Single by Flyleaf

from the album Flyleaf
- Released: 2006
- Recorded: Seattle, Washington
- Genre: Hard rock; alternative metal;
- Length: 2:34
- Label: Octone
- Songwriters: Sameer Bhattacharya; James Culpepper; Jared Hartmann; Pat Seals; Lacey Sturm;
- Producer: Howard Benson

Flyleaf singles chronology
| "I'm So Sick" (2005) | "Fully Alive" (2006) | "All Around Me" (2007) |

Music video
- "Fully Alive" on YouTube

= Fully Alive =

"Fully Alive" is a song by American rock band Flyleaf, released as the second single from their debut album Flyleaf (2005), in November 2006. It is the third song of the band to have a music video, which features the radio-edit version instead of the album version.

==Background==

After the joint venture of A&M records and Octone Records, the debut album Flyleaf included the radio-edit version of "Fully Alive", replacing the original album version.
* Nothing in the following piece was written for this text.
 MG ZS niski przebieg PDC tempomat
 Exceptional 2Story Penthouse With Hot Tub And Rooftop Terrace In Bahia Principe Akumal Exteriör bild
For reasons unknown, the music video features the radio edit instead of the album version. The radio-edit version contains a variation of the guitar solo from the album version, along with additional lyrics.
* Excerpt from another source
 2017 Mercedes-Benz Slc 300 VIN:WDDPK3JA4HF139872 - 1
It's about the singer for Trust Company, Kevin, his wife Layla. She's an awesome person, and you would never guess in a million years that she has the struggle that she has. Kinda changed my perspective about the way that I complain about things, the way that I wake up sad for no reason, and then she wakes up just glad to wake up.
— Lacey Mosley

== Track listing ==

CD
| No. | Title | Length |
|---|---|---|
| 1. | "Fully Alive (Radio edit)" | 2:34 |
| 2. | "Call Out Hook" | 0:10 |

==Charts==

===Weekly charts===

Weekly chart performance for "Fully Alive"
| Chart (2006–2007) | Peak position |
|---|---|
| US Alternative Airplay (Billboard) | 31 |
| US Mainstream Rock (Billboard) | 13 |

===Year-end charts===

Year-end chart performance for "Fully Alive"
| Chart (2006) | Position |
|---|---|
| US Mainstream Rock Songs (Billboard) | 39 |

==Certifications==

Certifications for "Fully Alive"
| Region | Certification | Certified units/sales |
| United States (RIAA) | Platinum | 1,000,000^{‡} |
^{‡} Sales+streaming figures based on certification alone.